Josh Korngut of Exclaim! gave the film a mixed review, writing that "unfortunately, the film's precociousness bogs it down. Stylistically, Darkest Miriam feels a bit like an approximation of Atom Egoyan, broken into chapters and labelled with pretentious, overly flowery subheadings. Style sometimes suffocates substance to the point that the film occasionally feels more like a Harbourfront modern dance piece than it does an engaging drama with burnt edges. All in all, Darkest Miriam is a somewhat fresh and strange character study worth watching for audiences with the right threshold for arthouse vagueness. Thankfully, Lower's title performance elevates the material, and Jaye's direction shows very real promise."[3]

For Screen Anarchy, Olga Artemyeva wrote that "the film gives us a gentle love story, but it also features a very distinctive artistic voice and style, where opera outbursts and unexpected stills of plants in the middle of the story feel like an organic part of the intricate cinematic language.
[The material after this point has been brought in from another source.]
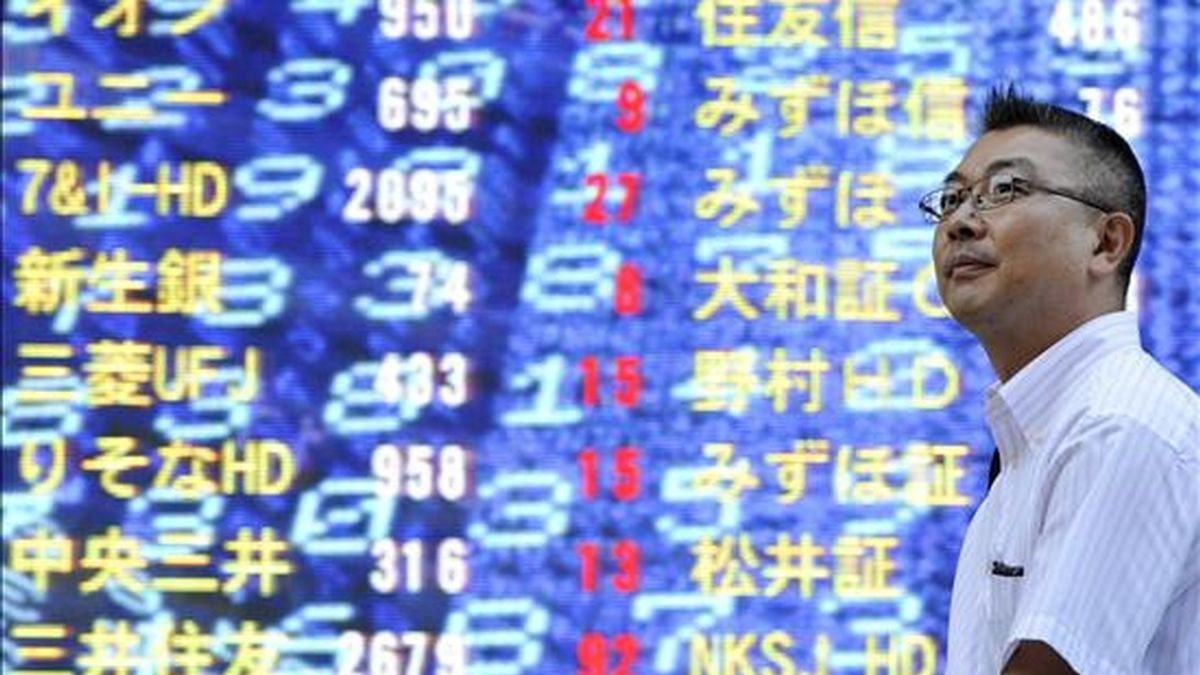 Un ejecutivo japonés camina frente a un tablero electrónico con los índices de la Bolsa de Tokio, Japón. EFE/Archivo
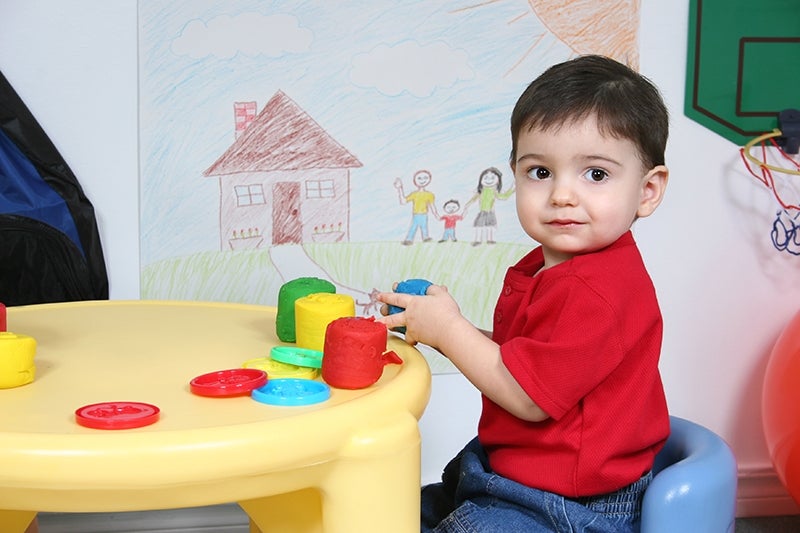 toddler playing with toys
Like several other films at the Tribeca Film Festival, Darkest Miriam – while aesthetically very different from them – reflects on the necessity to let go of things, both painful and wonderful. As Jaye’s movie also talks about art and its influence on how we perceive things, it also seems to frame the same idea this way: the painting of one's life can be dark or light, can be any texture, style or genre – just maybe don’t let it become a still life."[7]